A Commission on Judicial Performance document in the ethics case against Steven Bailey.

Steven Bailey, the former trial court judge and unsuccessful Republican attorney general candidate in 2018, has been barred from ever holding a judicial office in California again.

The Commission on Judicial Performance announced Wednesday it has censured Bailey for misconduct committed during his eight years on the El Dorado County bench, which ended with his 2017 retirement. The punishment is the most severe that the commission can level short of removing a sitting judge from office.

“We believe there is a very high probability that Judge Bailey will engage in future misconduct if he were to return to the bench,” commissioners wrote. “There is little likelihood of reform when a judge has engaged in multiple ethical violations on and off the bench during the entire course of his or her judicial career, fails to appreciate the impropriety of the misconduct, and continues to engage in the same conduct despite being advised of the ethical impropriety.”

Reached by text on Wednesday, Bailey called the censure “a political hit by a Democrat-dominated commission designed to damage me politically.” Bailey said he “sought, received, and followed ethics advice … that is now being second-guessed 10 years later.”

The majority of the commission’s 11 members were Democrats at the time they were appointed. The politicians and political bodies that appointed them—the governor, the Assembly speaker, the Senate Rules Committee and the California Supreme Court—are all Democrats or have Democratic majorities.

Asked for comment about Bailey’s claims, Gregory Dresser, the commission’s director and chief counsel, pointed to an exchange from the Jan. 30 hearing on the charges. Bailey had been asked by CJP Chairwoman Nanci Nishimura whether he believed the proceedings amounted to political retaliation.

“I’m not suggesting that,” Bailey said, according to a transcript of the hearing. “But in, you know, the height of a political campaign, when the commission staff … they file an accusation based on conduct that was at that point over six months old … there was almost no action other than letters from the commission staff up until I announced I was going to retire. And then all of a sudden, it went into hyperspeed.”

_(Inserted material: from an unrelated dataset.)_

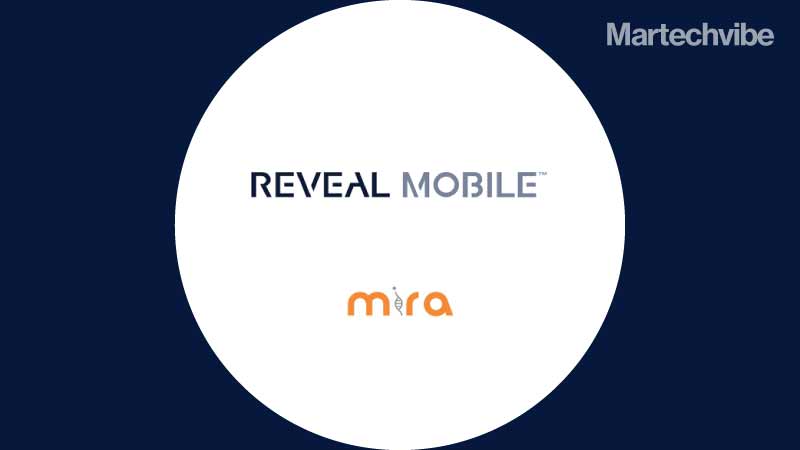 Reveal Mobile Acquires Mira to Form Democratised Attribution Platform 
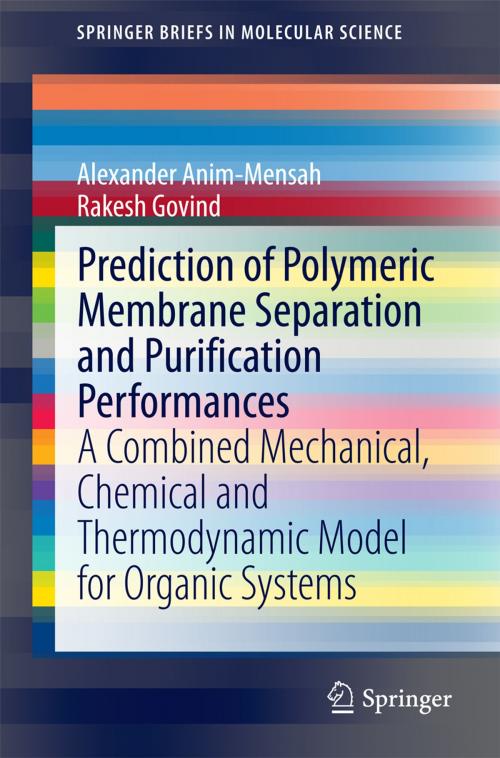 Cover of the book Prediction of Polymeric Membrane Separation and Purification Performances by Alexander Anim-Mensah, Rakesh Govind, Springer International Publishing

The California Supreme Court has the discretion to review the commission’s censure. Bailey did not respond to a question about whether he will ask the California Supreme Court to do so.

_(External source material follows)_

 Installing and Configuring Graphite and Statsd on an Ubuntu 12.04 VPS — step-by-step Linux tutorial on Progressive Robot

Bailey was charged with 12 acts of wrongdoing, ranging from placing defendants in an alcohol monitoring program without publicly disclosing that the vendor employed his son to improperly using his judicial title to fundraise and campaign for attorney general.

Bailey said he received an ethics opinion in 2009 from the California Judges Association that concluded the then-judge did not have to include his son’s connection to the monitoring company as long as he did not testify in Bailey’s court. A three-judge panel of special masters that reviewed the disciplinary case against Bailey said the judge left out key information when seeking the opinion: that his son provided written monitoring reports to his court.

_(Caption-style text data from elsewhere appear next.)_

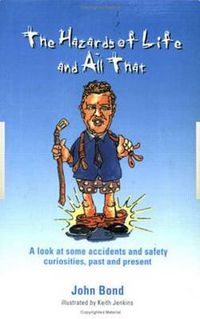 Cover image for The Hazards of Life and All That: A look at some accidents and safety curiosities, past and present, Third Edition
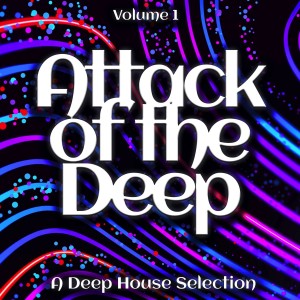 Album Attack of the Deep, Vol. 1 from Various Artists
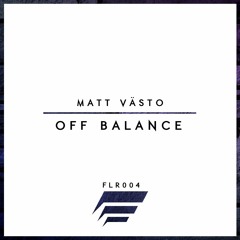 Matt Västo - Off Balance ( Buy = Free Download )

Bailey also argued he did not violate any canons barring judges from campaigning for other offices because he was conducting an exploratory, not an actual, campaign before he filed his official candidacy on Feb. 25, 2018. Bailey said that rules requiring him to take an unpaid leave of absence from the bench before campaigning for attorney general violated his First Amendment rights.

“The masters rejected these arguments, as do we,” the commission wrote. “Judge Bailey violated the Code of Judicial Ethics by soliciting contributions and conducting both an exploratory and actual campaign for nonjudicial office, and using the prestige of judicial office to do so.”